In conclusion, even at this early stage, it is clear that this crisis is going to have a very negative impact on companies' employer brands. We can't predict the total effect of the crisis while we're still in the middle of it, but we do know what happened during the previous major recession following the financial crisis of 2007-2008.
what can we learn from this period?
First of all, the criteria for choosing a certain company change, albeit not in a revolutionary way. In times of recession, job security gains importance and wages become less important. The importance of a good work atmosphere however, remains unchanged.
The companies' attractiveness scores decline as well. In the 2008 Randstad Employer Branding Research for example, the winner in Belgium had an attractiveness score of 47%. A year later, after the crisis had hit, this had gone down to 43%. That was also the lowest winning score ever in the entire history of employer branding research. By 2010, there weren't too many signs of recovery yet. The tide only began to turn in 2011. So, it will take some time for companies to recover from the current setback.
As expected, the downturn was also reflected in the scores for the various criteria. The fact that job security decreased, won't come as a surprise. But the decline was also visible in other criteria (work atmosphere, wage, work/life balance, job content, future opportunities, attention for environment and society). Incidentally, the scores for most criteria were lower in 2009 than in 2003, during the recovery of the dot-com crisis. This suggests that the depth of the recession plays a role, too. The deeper the recession, the greater the damage to companies' employer brands. All of this does not bode well for next year's employer brands.

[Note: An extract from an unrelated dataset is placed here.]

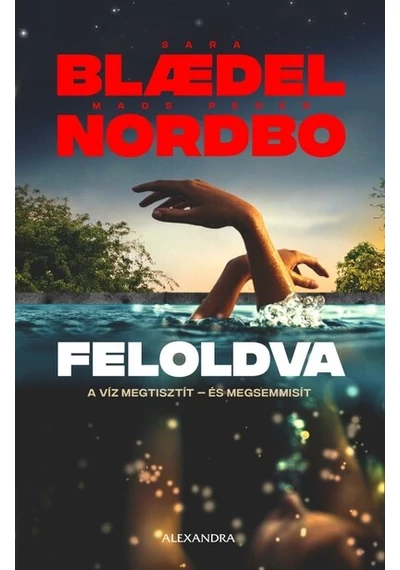 Feloldva - Mads Peder Nordbo, Sara Blaedel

In conclusion: there's no getting away from the fact that this crisis is going to have a huge impact on companies' employer brands. Considering the nature of the crisis, it's probably going to be even worse than during previous recessions. Our prediction is that the strongest brands will prove the most resilient; they'll be able to limit the damage. Companies that are going to ignore employer branding altogether now, and not give it any attention again until the economy and the labor market start to recover, will be the losers of tomorrow's labor market. We look forward to reconvening for the next study in 2021.